Florida girl faces misdemeanor for pinching schoolmate’s butt
By Sarah Sidlow

Please forgive the following puns. It’s too easy…

If you’re walking the halls of Milwee Middle School in Longwood, Florida, you’d better keep your hands to yourself. Unfortunately, it seems those words of wisdom didn’t reach one 12-year-old female student, who allegedly pinched a boy’s backside in the hallway between classes a few weeks ago. Now it’s her butt that’s on the line.

Breana Evans was under the impression that “pinching someone’s butt and laughing at their reaction is a game that a lot of kids play at the school,” reports a local CBS affiliate.

Boy, was she wrong. And suspended.

The butt-pinchee, whom Evans claims not to know, initially turned the other cheek after the incident and told the school resource deputy he didn’t want to press charges against Evans.

But the boy’s mother said otherwise. She called local deputies and said she wanted to prosecute the girl for battery. Evans has been booked into juvenile detention, and has a seat waiting for her in a diversion program as well as community service. As long as she completes the program, the classes and passes all the drug tests, her charge will be dismissed and her record will be clean.
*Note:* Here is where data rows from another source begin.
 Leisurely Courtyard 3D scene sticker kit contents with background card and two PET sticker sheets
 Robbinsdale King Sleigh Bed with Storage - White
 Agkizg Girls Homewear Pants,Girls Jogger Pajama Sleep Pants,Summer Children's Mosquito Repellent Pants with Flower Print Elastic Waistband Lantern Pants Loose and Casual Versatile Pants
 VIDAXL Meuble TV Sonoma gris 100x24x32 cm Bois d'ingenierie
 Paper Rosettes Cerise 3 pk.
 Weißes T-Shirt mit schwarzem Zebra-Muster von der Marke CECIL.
Those who stand behind the girl argue that kids will be kids, and—while their behavior should be monitored—in this case, the punishment doesn’t fit the crime. Most question the misdemeanor, but many also question the suspension. A time-out, they argue, is probably better suited for a first-pinch-offender.
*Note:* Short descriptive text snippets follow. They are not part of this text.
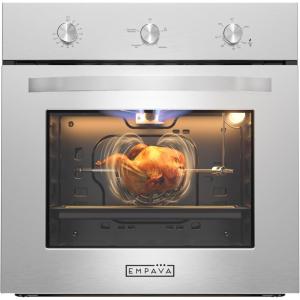imageEmpava 24quot Single Gas Wall Oven with Bake Broil Rotisserie Functions with Mechanical Controls and Builtin Timer and Convection Fan in Stainless Steel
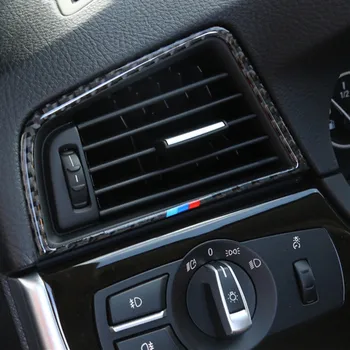 Za BMW F10 Serije 2011-2017 Auto Avto Notranje zadeve Nadzorni Plošči Levo/Desno klimatska Naprava Vtičnico Okvir Pokrova Nalepke iz Ogljikovih Vlaken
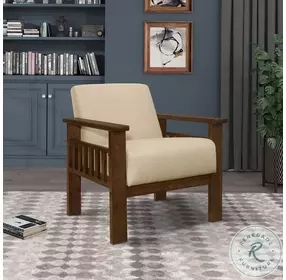 Helena Light Brown And Walnut Accent Chair with Storage Arms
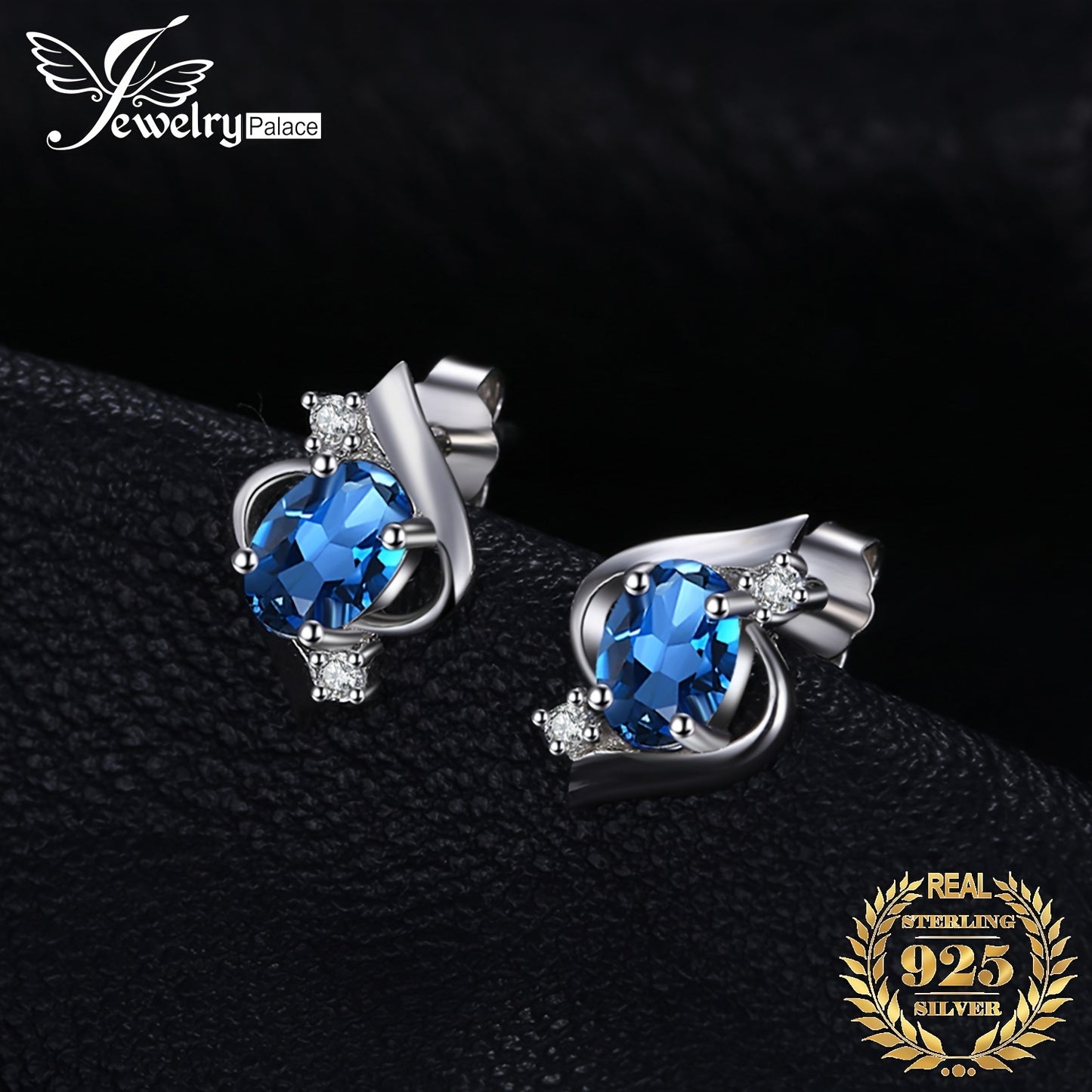 1pair 925 Sterling Silver Simple And Elegant Exquisite Multi-faceted Oval Cut Natural London Blue Topaz Silvery Stud Earrings For Woman For Girl Perfect For Daily Decoration For Dating Gift Fine Jewelry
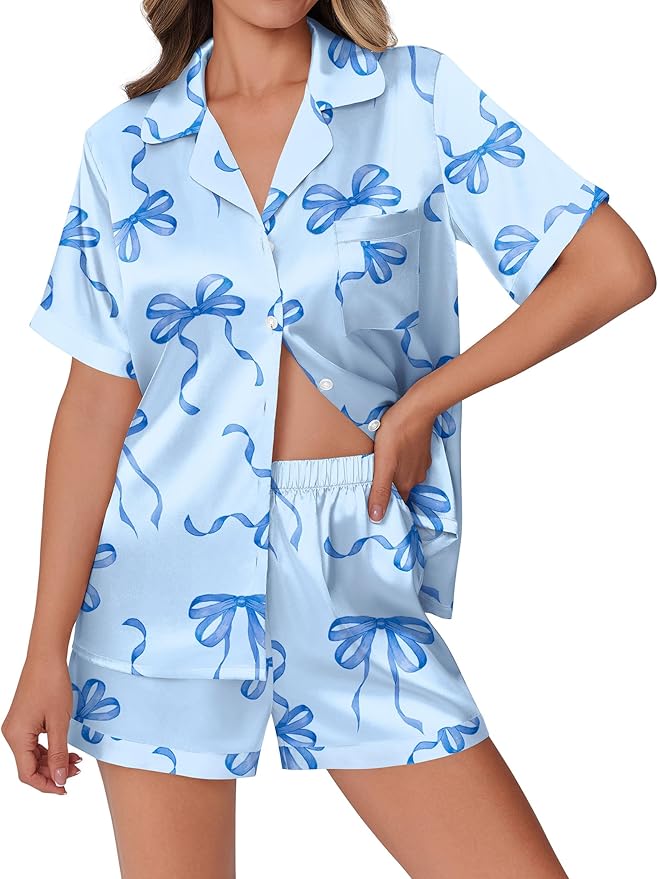 Ekouaer Womens Silk Satin Pajamas Set Animals Print Pjs Button Down Short Sleeve Lounge Set 2 Piece Sleepwear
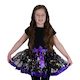 Halloween Tutu with Cat & Bats Print, Purple Multicol- 30cm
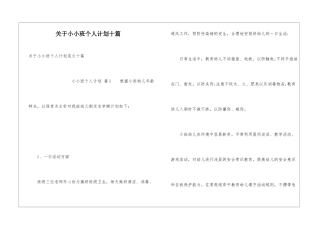 关于小小班个人计划十篇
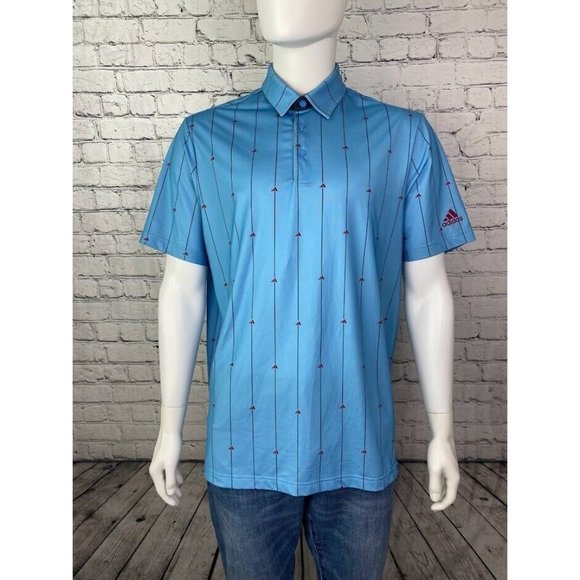 Mens adidas Golf Polo Shirt Short Sleeve Collared sz L Blue - Picture 2 of 11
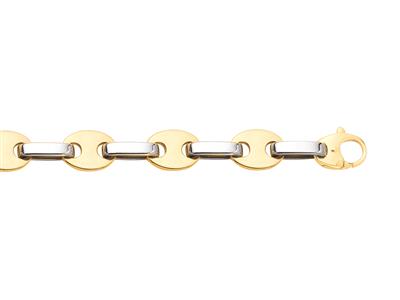 Pulsera Plana Ovalada Malla Marina 11,50 X 21 MM Maciza, 21 Cm, Oro Bicolor 18k - Imagen Estandar - 1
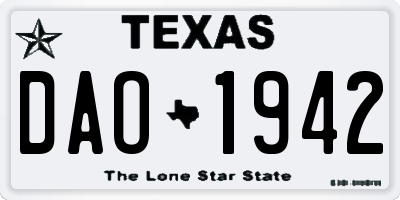 TX license plate DAO1942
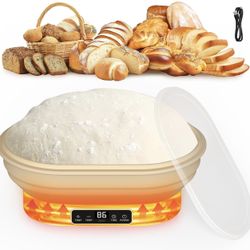 Heating Sourdough Bread Proofing Basket, 2L Electric Thermostatic Silicone Oval Banneton Proofing Bowl with 6 Timer & Temp Settings for Dough Rising,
“Lord, lord, lordy,” the girl’s father said to local media, “what has this world come to—kids can’t even be a kid and that’s basically what it is—she’s 12 years old, she was acting like a 12-year-old child.” He went on to tell the mother, “Let your kid be your kid. He might get some friends.”

Evans’ supporters also argue that police have no role to play in situations involving non-violent kids who are, well, making kid mistakes.

But on the other hand, there are those who argue that, while it’s unfortunate, school environments—and particularly hallways—have become notorious for bullying and harassment, among other serious issues. Especially in this era of sexual harassment awareness, they argue, situations like these must be taken seriously.

A 2014 U.S. News and World Report study indicates one in five middle schoolers experience harassment at school in the form of unwanted physical touching. Schools like Milwee Middle do have bullying and harassment bylaws on the books, and perhaps the suspension, at least, was simply a consequence of that school’s code of conduct.

The fingers of blame are pointing in lots of directions on this one. Who’s really in the wrong? Should the girl really be punished to the full extent of the law? Did the school make a bad policy call? Is the boy’s mother overreacting?

Reach DCP freelance writer Sarah Sidlow at

Psycho mom

By Tim Walker

“Keep your hands to yourself,” the Georgia Satellites sang, way back in 1986. And is there anyone reading these words that wasn’t told that at least once as a child by their parents?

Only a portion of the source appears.